China has a mounting debt problem. Not just over-leveraged companies, but a rapid build-up on household balance sheets that is hitting records. You can blame youth for a borrowing binge that, if left unchecked, could be China’s next credit bubble, a Bloomberg View reported. Household debt hit levels of 57% of gross domestic product in the third quarter, according to Bloomberg Intelligence analyst Matthew Phan, more than double just 27% in 2010. Fitch Ratings said in July that it was surging at a pace roughly double nominal GDP growth.
In a related story, the Financial Times reported that corporate defaults in China surged to a record high in 2019, raising new questions over how policymakers in Beijing will manage mounting financial distress among large private and state-owned companies. Onshore corporate defaults hit Rmb130bn ($18.6bn) in the final weeks of the year, breaking the record of Rmb122bn last year, according to data compiled by Bloomberg, as economic growth fell to a three-decade low.
China’s financial regulators are calling for more transparent and fair handling of defaults to restore investor confidence in the world’s second-largest bond market, after repayment failures hit a record high this year, Bloomberg News reported. Senior officials from the central bank, the securities regulatory body, the supreme court and other departments discussed court-mediated dispute resolution concerning bond defaults at a symposium in Beijing on Tuesday, according to a statement posted on the website of People’s Bank of China.
Troubled Chinese conglomerate HNA Group Co. faces a crucial test -- avoiding its first public bond default. Once a front-runner in China’s debt-fueled global spending spree, HNA is scheduled to repay a 1.3 billion yuan ($185 million) local bond Tuesday, Bloomberg News reported. Earlier this month, HNA said it would halt trading of this bond from Dec. 6 till its maturity due to an unspecified “major event that has yet to be finalized”. It didn’t give any details. The suspended bond last traded at 97.55 yuan on Dec. 5.

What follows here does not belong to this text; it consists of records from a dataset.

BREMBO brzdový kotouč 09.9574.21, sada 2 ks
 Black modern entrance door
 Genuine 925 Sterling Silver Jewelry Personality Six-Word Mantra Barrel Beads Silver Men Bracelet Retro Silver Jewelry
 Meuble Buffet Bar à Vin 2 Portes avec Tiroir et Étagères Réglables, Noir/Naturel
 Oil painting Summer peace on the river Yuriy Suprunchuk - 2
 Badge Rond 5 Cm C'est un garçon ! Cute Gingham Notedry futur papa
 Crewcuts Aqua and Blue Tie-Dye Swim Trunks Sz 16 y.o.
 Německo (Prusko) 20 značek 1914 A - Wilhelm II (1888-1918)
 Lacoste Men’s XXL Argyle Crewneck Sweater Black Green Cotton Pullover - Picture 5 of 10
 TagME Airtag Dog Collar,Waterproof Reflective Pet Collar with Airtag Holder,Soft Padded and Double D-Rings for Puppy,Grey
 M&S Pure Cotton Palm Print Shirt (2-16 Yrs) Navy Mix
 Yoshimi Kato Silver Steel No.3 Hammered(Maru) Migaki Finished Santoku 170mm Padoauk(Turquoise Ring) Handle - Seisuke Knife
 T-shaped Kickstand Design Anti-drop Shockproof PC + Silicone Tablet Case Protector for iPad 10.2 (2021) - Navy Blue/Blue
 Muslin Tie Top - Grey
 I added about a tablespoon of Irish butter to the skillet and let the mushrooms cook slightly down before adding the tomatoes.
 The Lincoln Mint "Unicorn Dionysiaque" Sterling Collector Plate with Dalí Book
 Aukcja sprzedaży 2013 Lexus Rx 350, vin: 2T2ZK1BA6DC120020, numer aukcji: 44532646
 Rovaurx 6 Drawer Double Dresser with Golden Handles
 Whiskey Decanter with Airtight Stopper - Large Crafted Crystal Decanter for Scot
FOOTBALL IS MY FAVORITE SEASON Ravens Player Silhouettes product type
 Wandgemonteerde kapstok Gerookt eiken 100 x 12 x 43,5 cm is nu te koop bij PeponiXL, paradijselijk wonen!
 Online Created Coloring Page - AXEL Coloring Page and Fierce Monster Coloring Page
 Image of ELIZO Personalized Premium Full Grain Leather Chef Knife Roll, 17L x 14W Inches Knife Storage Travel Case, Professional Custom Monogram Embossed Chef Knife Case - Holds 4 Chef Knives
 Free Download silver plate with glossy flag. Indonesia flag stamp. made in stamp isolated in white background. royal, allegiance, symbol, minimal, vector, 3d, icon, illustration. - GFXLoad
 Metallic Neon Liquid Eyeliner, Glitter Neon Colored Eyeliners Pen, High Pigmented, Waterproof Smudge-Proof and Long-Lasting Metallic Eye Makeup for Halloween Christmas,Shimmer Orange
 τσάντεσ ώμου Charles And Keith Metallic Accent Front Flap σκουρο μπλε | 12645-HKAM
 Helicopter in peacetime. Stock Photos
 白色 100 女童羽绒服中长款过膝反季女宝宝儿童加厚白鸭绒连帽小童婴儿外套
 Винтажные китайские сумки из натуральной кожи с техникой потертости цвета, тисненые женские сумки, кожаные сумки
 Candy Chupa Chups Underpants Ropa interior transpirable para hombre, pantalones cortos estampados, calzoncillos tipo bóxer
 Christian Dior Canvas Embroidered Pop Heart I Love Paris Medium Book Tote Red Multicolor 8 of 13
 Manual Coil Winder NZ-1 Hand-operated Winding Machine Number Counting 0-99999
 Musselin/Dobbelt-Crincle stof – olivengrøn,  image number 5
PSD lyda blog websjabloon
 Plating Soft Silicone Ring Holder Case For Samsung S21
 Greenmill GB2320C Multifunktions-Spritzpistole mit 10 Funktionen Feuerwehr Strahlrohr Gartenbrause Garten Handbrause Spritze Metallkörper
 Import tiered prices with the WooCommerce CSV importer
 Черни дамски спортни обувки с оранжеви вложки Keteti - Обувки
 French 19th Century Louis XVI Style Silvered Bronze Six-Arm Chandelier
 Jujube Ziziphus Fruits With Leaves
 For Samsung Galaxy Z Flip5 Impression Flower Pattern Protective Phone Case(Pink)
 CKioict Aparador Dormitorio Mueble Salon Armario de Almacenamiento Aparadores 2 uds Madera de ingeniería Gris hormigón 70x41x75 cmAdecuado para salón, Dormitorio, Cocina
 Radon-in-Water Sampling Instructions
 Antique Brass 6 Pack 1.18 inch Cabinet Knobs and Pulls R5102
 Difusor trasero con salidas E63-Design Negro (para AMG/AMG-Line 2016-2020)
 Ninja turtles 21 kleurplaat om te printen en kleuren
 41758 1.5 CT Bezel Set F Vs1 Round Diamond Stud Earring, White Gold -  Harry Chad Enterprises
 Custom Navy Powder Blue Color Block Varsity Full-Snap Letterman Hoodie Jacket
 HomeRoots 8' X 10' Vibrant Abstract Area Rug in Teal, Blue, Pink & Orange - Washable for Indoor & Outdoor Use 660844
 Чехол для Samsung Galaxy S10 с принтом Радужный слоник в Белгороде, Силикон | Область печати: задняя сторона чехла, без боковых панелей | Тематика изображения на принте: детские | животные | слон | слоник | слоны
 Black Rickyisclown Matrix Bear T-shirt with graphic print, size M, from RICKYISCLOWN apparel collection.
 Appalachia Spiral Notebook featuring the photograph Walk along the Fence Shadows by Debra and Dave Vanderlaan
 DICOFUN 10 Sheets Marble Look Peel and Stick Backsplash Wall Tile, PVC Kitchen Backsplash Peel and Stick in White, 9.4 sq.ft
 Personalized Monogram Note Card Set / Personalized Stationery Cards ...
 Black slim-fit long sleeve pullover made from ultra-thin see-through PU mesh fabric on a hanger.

These are perilous times for holders of Chinese corporate bonds. Record domestic defaults and the biggest dollar-debt delinquency by a state-owned company in two decades have jolted investors this year, underscoring the need for increased vigilance as the economy slows and Chinese policy makers scale back support for a slew of cash-strapped businesses, Bloomberg News reported. As bondholders adjust to a new -- and arguably more healthy -- environment where companies are allowed to default, these are some of the indicators they’re watching to avoid getting burned.
China’s economy started the decade in a boom and will end it suffering the worst slowdown since the early 1990s, Bloomberg News reported. What comes next? Bloomberg asked some of the world's most prominent China watchers, several of which distinguished themselves over the past 10 years with prescient forecasts or market-beating returns. Predictions of even slower economic growth were near unanimous among the group, though most respondents also said policy makers have the tools to avoid a crisis.
China’s sovereign-wealth fund is coming to the aid of a troubled lender in a 100 billion yuan ($14.28 billion) bailout, the latest show of government support for the banking sector, which has come under intensifying financial stress as the economy slows, The Wall Street Journal reported. Hengfeng Bank, based in eastern China’s Shandong Province, will sell 100 billion shares at a valuation of 1 yuan per share, almost all of them to government-backed investors, according to the bank and one of its backers.
The favored funding source of China’s real-estate developers is under scrutiny in one of the country’s largest urban areas, posing a threat to a sector that has stretched creative financing to its limits, the Wall Street Journal reported. On Friday, the city of Xi’an in central China opened a consultation process on instituting an escrow system that would ensure developers hold on to funds worth 1.2 times the cost of building a new property when booking a presale.
A commodity trader has become China’s first state-owned enterprise to inflict losses on dollar bondholders in two decades, according to S&P Global Ratings, a new landmark in a rising wave of defaults, the Wall Street Journal reported. Chinese authorities are allowing more companies to renege on their debts, where once they would have found ways to engineer bailouts. So far defaults have mostly been concentrated in credit-starved private companies, but even some groups with state backing are now failing to repay creditors as promised.